As mentionned in 'Cortex-M3 Devices Generic User Guide', "In some situations, the processor can start executing the first instruction in an IT block while it is still executing the IT instruction. This behavior is called IT folding...".
Therefore, it leads that IT instruction timing cost is '0' cycle, Wonderful !!!
In fact, I would like to know what are those situations/conditions to anticipate/favorise this behaviour ?
Before posting here, I made several unsuccessful searches on the net.
Are those conditions associated to the instruction before IT one ? Alignment ? Type of instruction (16 or 32, data processing, load-store)?
Are those conditions associated to the instruction after IT one ? Alignment ? Type of instruction (16 or 32, data processing, load-store)?
I also have some subsidiary questions, for my personal curiosity, and that help to answer my previous question.
Based on my knowledge of this chip after reading some articles, I made the following assumptions that I would like to confirm:
Is 'IT folding' linked to the fact that the first instruction of an IT block is always executed (always marked as THEN)?
Is 'IT folding' linked to the fact that the EPSR is not directly accessible [Cortex™-M3 Technical Reference Manual, §2.3.2]?
For this kind of simultaneous execution, I suppose that the IT and another instruction need to be present in the decode stage at the same time?
But the behavior of the couple fetch/decode stages is not clear for me: could the fetch contains two 16-bit instructions and then decode stage requests only one or two instructions ?

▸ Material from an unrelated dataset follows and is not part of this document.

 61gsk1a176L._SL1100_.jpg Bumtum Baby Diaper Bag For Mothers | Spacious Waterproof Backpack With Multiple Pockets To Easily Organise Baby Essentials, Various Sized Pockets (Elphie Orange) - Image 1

I'm new on this kind of topics, don't hesistate to correct me if my previous assumptions are wrong.
Thanks for your help.
IT folding happens when the
- instruction preceeding the IT instruction is 16-bit (and not a branch instruction), and
- the IT instruction is already fetched in the instruction buffer. (It might not happen shortly after a branch as the IT instruction might still being fetched).
There is no other alignment requirement.
Regarding your assumptions:
> Is 'IT folding' linked to the fact that the first instruction of an IT block is always executed (always marked as THEN)?
No. The first instruction is always "T" so that we can save a bit in the encoding of the condition.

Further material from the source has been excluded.